Question

An electromagnetic radiation of frequency $3 \times {10^{15}}$ Hz falls on a photo surface whose work function is 4 eV. Then the maximum velocity of the photoelectrons emitted from the surface is
(given $h = 6.6 \times {10^{ - 34}}Js,m = 9 \times {10^{ - 31}}Kg$ )
A. $1.7 \times {10^6}m{s^{ - 1}}$
B. $3.4 \times {10^6}m{s^{ - 1}}$
C. $2.5 \times {10^6}m{s^{ - 1}}$
D. $2.0 \times {10^6}m{s^{ - 1}}$

Answer 1

When light (electromagnetic radiation) falls on a surface, some energy is required to release photons from the surface and the rest is used to increase the K.E. of the ejected photons. According to photoelectric effect, $K.E = E + {E_o} = h\upsilon - h{\upsilon _o}$ , where $h{\upsilon _o}$ is the energy of the incident photons (Work function), $h\upsilon$ is the energy of ejected photons. Substitute the values and find the value of K.E. Kinetic energy is also given as $\dfrac{1}{2}m{v^2}$ , where mass is given. Substitute the values of mass and obtained K.E. and find the value of the velocity v, where v is the velocity of the emitted photons.

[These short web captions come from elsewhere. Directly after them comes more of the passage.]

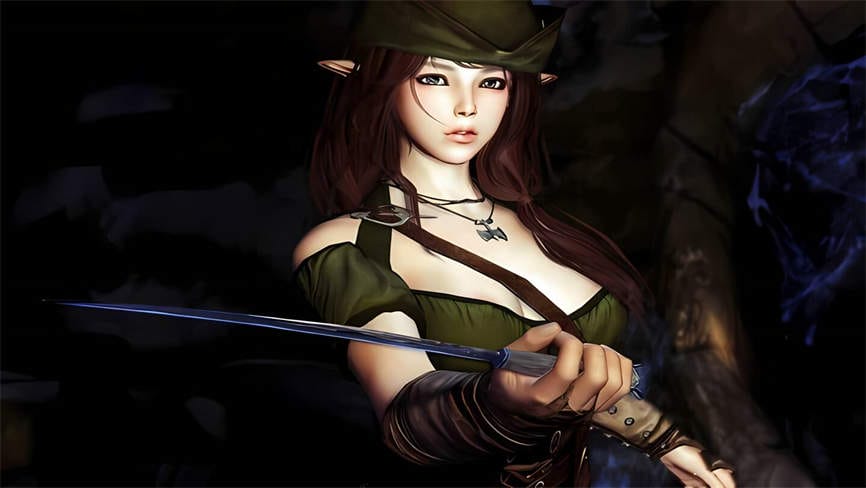 上古卷轴5:少女卷轴/The Elder Scrolls V:Skyrim(集成爱的实验室+超多MOD+捏脸数据+游戏修改器+存档+攻略视频)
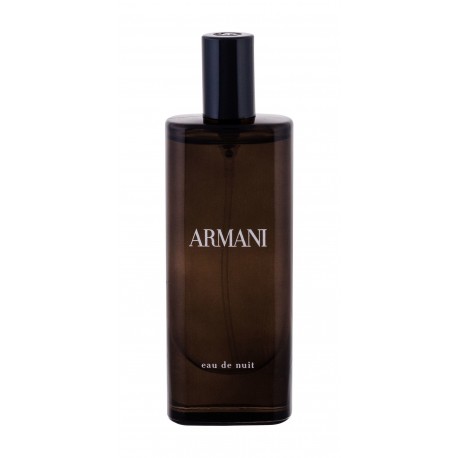 Giorgio Armani Eau de Nuit, tualetinis vanduo vyrams, 15ml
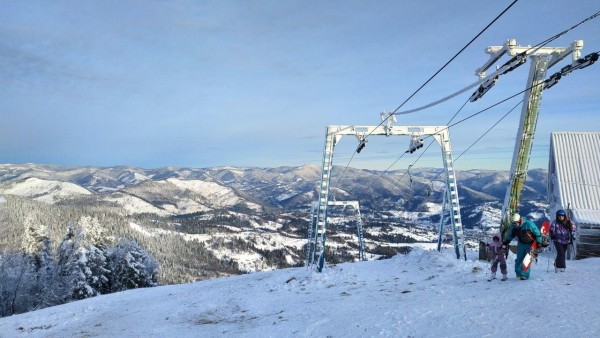 Lodge Chalet Carpathian Tale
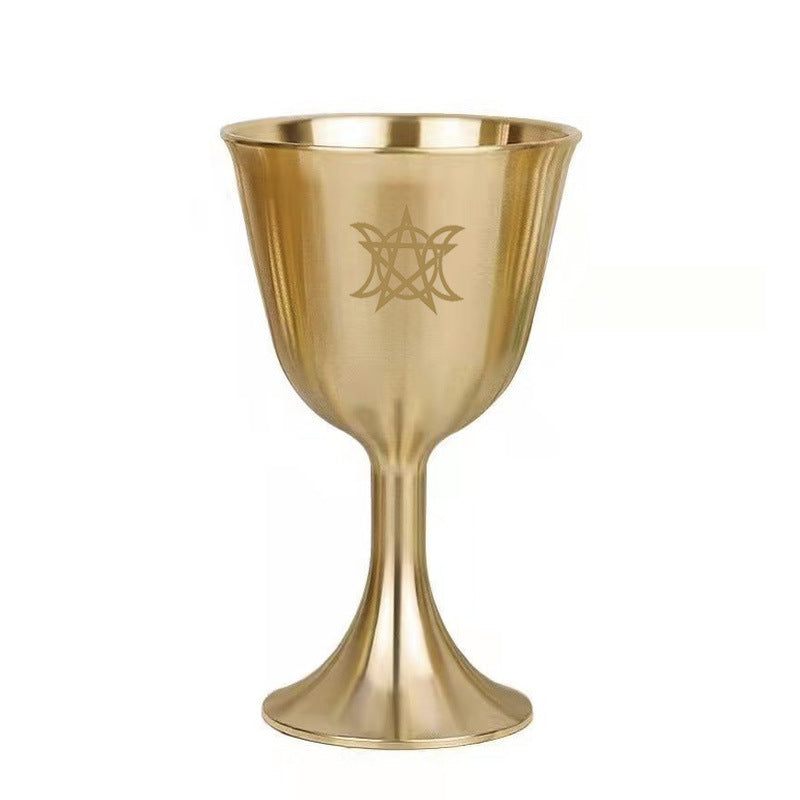 Three-phase Moon Pentagram Decoration Cup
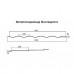 Металлочерепица Монтекристо-M NormanMP-0.5 RAL9006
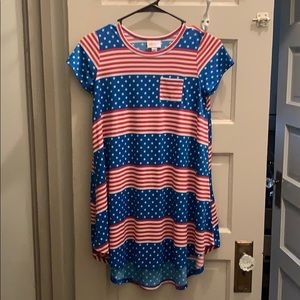 LuLaRoe Kids Scarlett Size 10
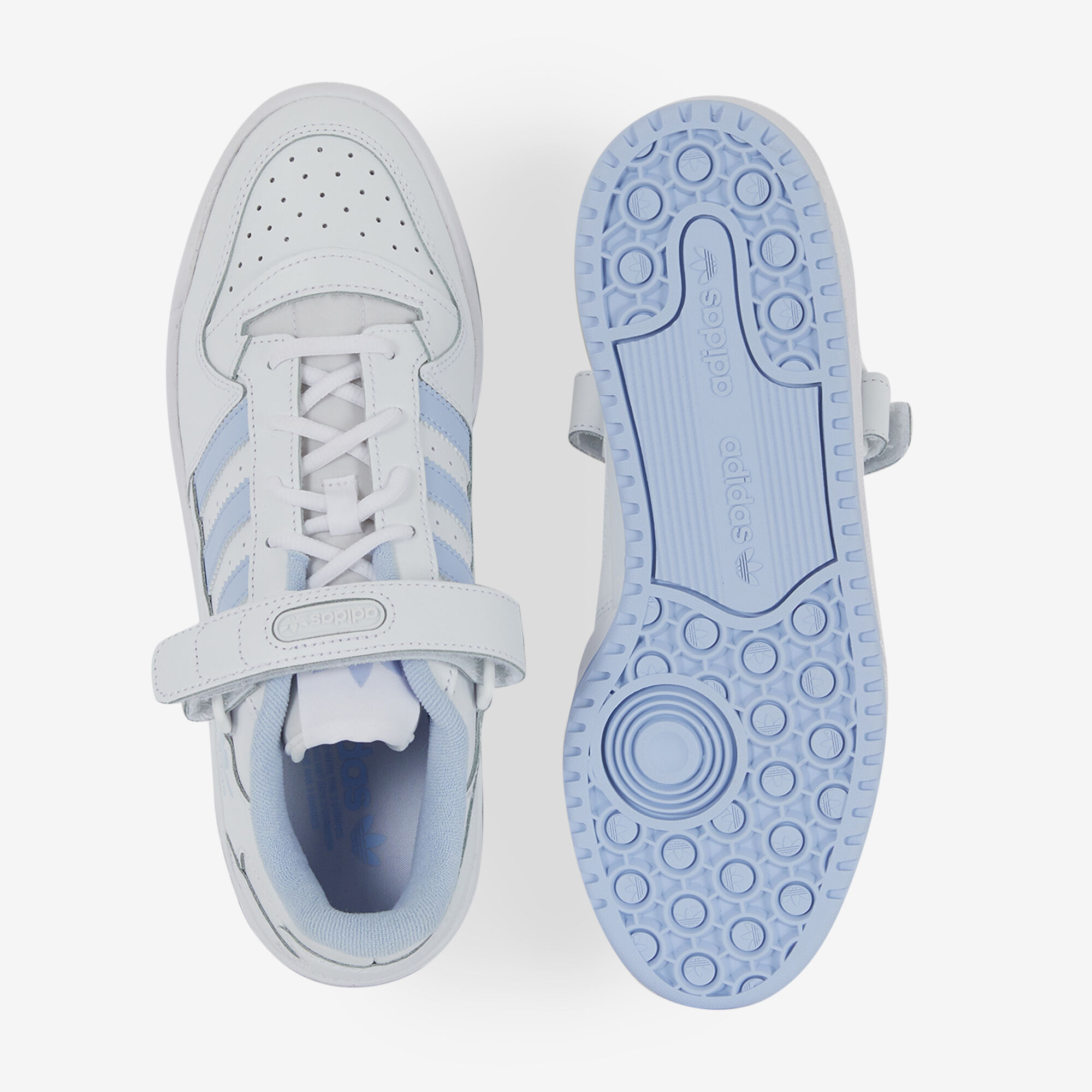 Adidas forum lo blauw online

Complete step by step answer:
We are given an electromagnetic radiation of frequency $3 \times {10^{15}}$ Hz falls on a photo surface whose work function is 4 eV.
And we have to calculate the maximum velocity of the photoelectrons emitted from the surface.
$K.E = E + {E_o} = h\upsilon - h{\upsilon _o}$, where h is the Planck’s constant, $E$ is the energy of the ejected photons from the photo surface and ${E_o}$ is the energy of the incident photons to the photo surface which can also be called as Wok function.
$h{\upsilon _o} = W \\\ K.E = h\upsilon - W \\\ W = 4eV,h = 6.6 \times {10^{ - 34}}Js,\upsilon = 3 \times {10^{15}}Hz \\\ K.E = \left( {6.6 \times {{10}^{ - 34}} \times 3 \times {{10}^{15}}} \right) - 4eV \\\ 1eV = 1.6 \times {10^{ - 19}}J \\\ \implies K.E = \left( {6.6 \times {{10}^{ - 34}} \times 3 \times {{10}^{15}}} \right) - \left( {4 \times 1.6 \times {{10}^{ - 19}}} \right) \\\ \implies K.E = \left( {19.8 \times {{10}^{ - 19}}} \right) - \left( {6.4 \times {{10}^{ - 19}}} \right) \\\ \implies K.E = 13.4 \times {10^{ - 19}} = 1.34 \times {10^{ - 18}}J \\\$
Kinetic energy is also equal to $\dfrac{1}{2}m{v^2}$
$K.E = \dfrac{1}{2}m{v^2} \\\ v = \sqrt {\dfrac{{2K.E}}{m}} \\\ m = 9 \times {10^{ - 31}}Kg,K.E = 1.34 \times {10^{ - 18}}J \\\ v = \sqrt {\dfrac{{2 \times 1.34 \times {{10}^{ - 18}}}}{{9 \times {{10}^{ - 31}}}}} \\\ \implies v = \sqrt {2.97 \times {{10}^{12}}} \\\ \therefore v = 1.7 \times {10^6}m/s \\\$
The maximum velocity of the photoelectrons emitted from the surface is $1.7 \times {10^6}m{s^{ - 1}}$

So, the correct answer is “Option A”.

Note:
The above given question describes a phenomenon called photoelectric effect, when light hits a surface, it ejects electrons from them and the photon delivers its total energy to a single electron; whereas Compton Effect is another phenomenon, the photon transfers part of its energy to a single electron. The definitions of these two phenomena are almost the same but they both are completely different. So be careful while defining photoelectric effects.